> _Exercise brief_:
For every record that follows, write out the text exactly and omit the picture, if one is present.

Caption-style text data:
((
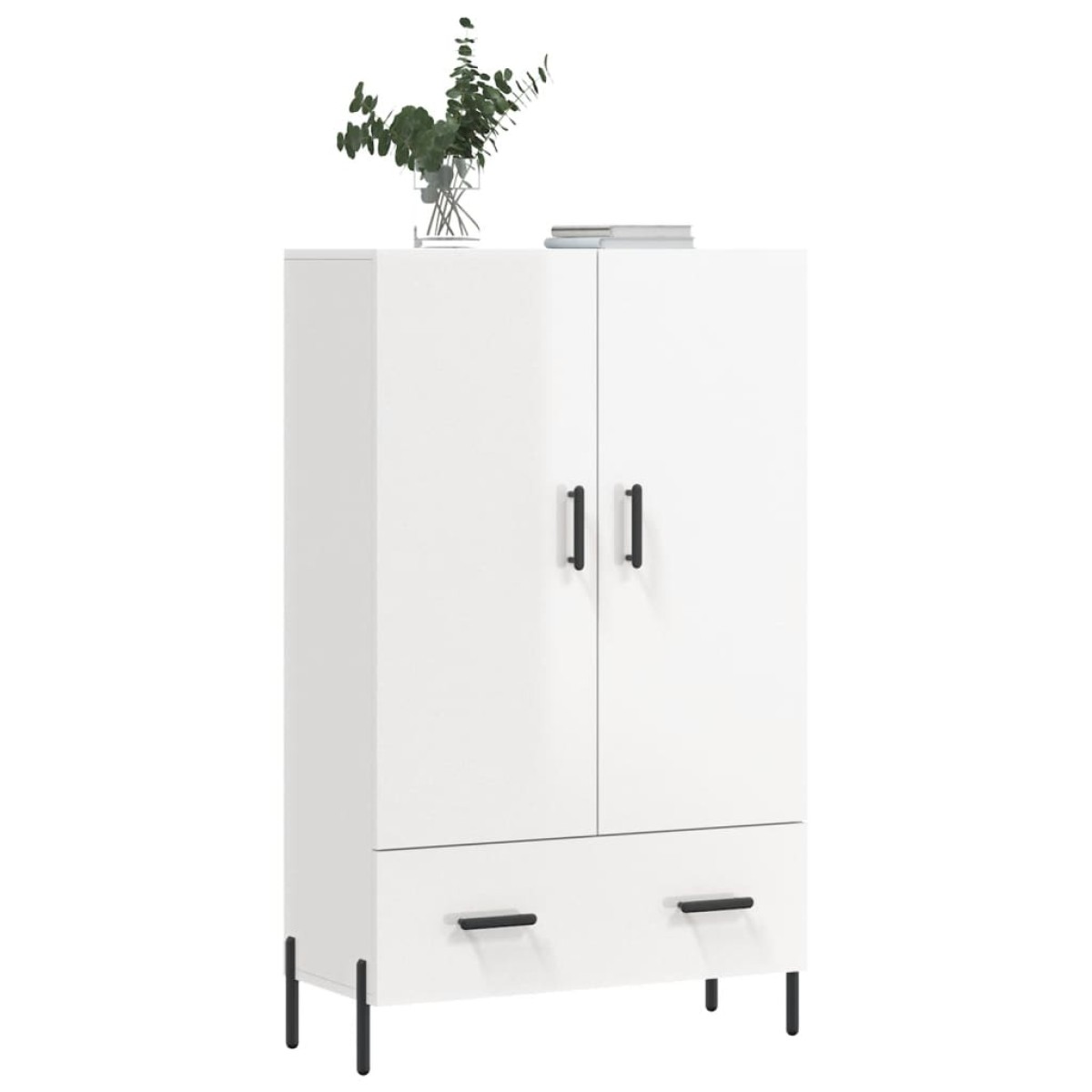 vidaXL Ντουλάπα Γυαλ. Λευκό 69,5 x 31 x 115 εκ. από Επεξεργασμένο Ξύλο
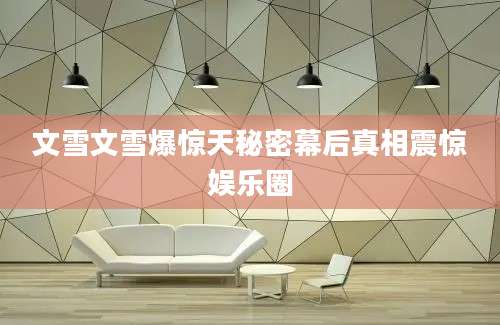文雪文雪爆惊天秘密幕后真相震惊娱乐圈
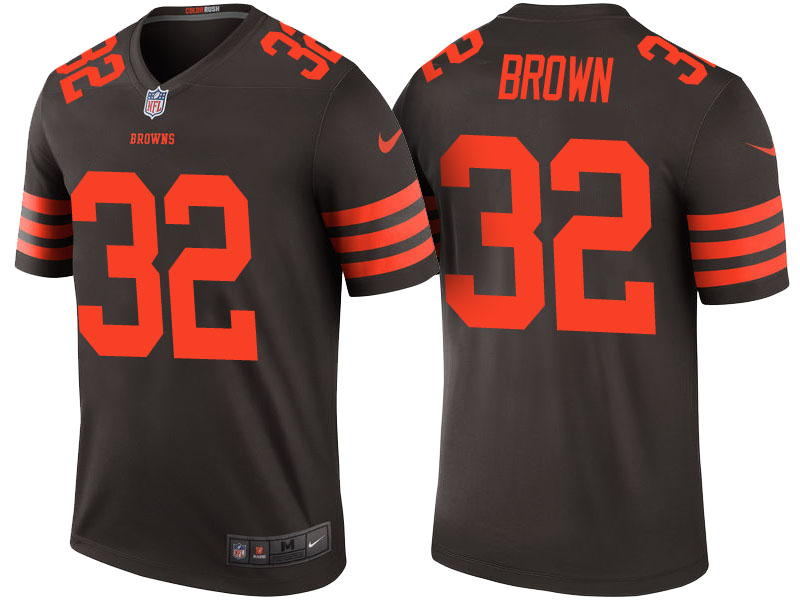 Cleveland Browns #32 Jim Brown Brown Color Rush Legend Jersey - Light Up Thursday Night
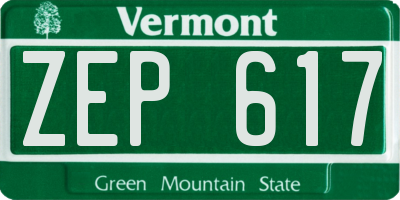 VT license plate ZEP617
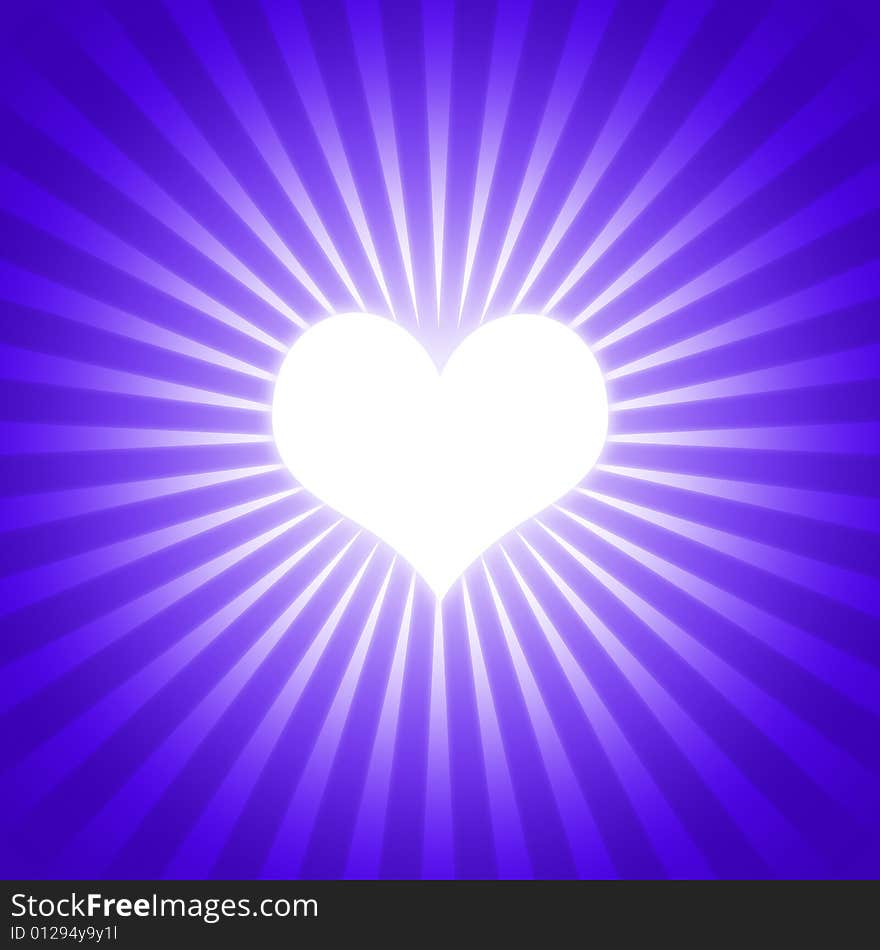 Big heart in shiny blue background. Big heart in shiny blue background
))
> _Exercise result_:
 vidaXL Ντουλάπα Γυαλ. Λευκό 69,5 x 31 x 115 εκ. από Επεξεργασμένο Ξύλο
文雪文雪爆惊天秘密幕后真相震惊娱乐圈
 Cleveland Browns #32 Jim Brown Brown Color Rush Legend Jersey - Light Up Thursday Night
 VT license plate ZEP617
 Big heart in shiny blue background. Big heart in shiny blue background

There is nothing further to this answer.